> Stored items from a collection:
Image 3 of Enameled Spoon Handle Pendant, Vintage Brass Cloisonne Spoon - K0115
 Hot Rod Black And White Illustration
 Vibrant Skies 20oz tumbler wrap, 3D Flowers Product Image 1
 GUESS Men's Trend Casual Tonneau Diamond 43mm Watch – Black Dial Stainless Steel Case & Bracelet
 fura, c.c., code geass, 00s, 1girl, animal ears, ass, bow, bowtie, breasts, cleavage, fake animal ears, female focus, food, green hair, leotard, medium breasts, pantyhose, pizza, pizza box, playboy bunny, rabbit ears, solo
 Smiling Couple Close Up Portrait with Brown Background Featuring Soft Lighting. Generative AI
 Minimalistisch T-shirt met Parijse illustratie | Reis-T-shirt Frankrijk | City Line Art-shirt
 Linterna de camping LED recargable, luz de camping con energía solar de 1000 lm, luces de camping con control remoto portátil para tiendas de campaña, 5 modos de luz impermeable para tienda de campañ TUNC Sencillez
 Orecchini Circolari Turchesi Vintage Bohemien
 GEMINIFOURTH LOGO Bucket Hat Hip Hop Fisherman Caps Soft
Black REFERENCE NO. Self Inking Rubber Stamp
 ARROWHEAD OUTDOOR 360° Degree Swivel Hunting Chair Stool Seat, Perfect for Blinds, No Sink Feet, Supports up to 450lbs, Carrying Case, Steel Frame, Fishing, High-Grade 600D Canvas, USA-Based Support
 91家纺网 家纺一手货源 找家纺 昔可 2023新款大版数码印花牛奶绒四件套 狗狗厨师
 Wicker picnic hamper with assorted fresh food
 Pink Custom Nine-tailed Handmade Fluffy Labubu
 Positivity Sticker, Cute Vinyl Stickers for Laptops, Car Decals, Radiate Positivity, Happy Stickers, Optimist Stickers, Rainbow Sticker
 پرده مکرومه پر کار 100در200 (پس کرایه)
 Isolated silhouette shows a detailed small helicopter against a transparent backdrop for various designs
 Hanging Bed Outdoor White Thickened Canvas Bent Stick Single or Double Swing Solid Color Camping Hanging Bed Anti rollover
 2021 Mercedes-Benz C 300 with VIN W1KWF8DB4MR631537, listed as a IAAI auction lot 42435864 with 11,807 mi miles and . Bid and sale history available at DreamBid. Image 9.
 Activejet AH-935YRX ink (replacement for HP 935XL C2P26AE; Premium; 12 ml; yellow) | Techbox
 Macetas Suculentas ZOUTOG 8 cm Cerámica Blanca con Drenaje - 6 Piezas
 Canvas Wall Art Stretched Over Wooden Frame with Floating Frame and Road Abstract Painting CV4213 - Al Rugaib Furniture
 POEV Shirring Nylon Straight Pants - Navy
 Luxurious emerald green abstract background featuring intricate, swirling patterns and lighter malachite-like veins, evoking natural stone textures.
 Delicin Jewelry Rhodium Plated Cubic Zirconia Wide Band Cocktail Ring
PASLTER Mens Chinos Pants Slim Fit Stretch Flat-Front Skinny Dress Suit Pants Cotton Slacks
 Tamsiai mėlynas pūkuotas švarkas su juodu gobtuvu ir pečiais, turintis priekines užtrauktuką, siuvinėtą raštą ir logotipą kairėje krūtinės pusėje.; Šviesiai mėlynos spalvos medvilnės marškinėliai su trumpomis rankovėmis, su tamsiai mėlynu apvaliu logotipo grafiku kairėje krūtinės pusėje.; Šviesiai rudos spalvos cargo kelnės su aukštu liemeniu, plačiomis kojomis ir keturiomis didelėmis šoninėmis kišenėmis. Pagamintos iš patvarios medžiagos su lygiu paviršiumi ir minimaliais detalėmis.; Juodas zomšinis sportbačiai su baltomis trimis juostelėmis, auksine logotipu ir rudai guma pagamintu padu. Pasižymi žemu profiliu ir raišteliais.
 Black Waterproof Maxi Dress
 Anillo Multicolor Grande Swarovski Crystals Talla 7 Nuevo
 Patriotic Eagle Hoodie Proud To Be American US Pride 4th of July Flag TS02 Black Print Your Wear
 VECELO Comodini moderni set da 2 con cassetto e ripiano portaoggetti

> TASK OBJECTIVE:
Beginning at the line above with "Vibrant Skies 20oz" and finishing at the line with "Minimalistisch T-shirt met", return each line exactly and return nothing else.

> REPLY:
 Vibrant Skies 20oz tumbler wrap, 3D Flowers Product Image 1
 GUESS Men's Trend Casual Tonneau Diamond 43mm Watch – Black Dial Stainless Steel Case & Bracelet
 fura, c.c., code geass, 00s, 1girl, animal ears, ass, bow, bowtie, breasts, cleavage, fake animal ears, female focus, food, green hair, leotard, medium breasts, pantyhose, pizza, pizza box, playboy bunny, rabbit ears, solo
 Smiling Couple Close Up Portrait with Brown Background Featuring Soft Lighting. Generative AI
 Minimalistisch T-shirt met Parijse illustratie | Reis-T-shirt Frankrijk | City Line Art-shirt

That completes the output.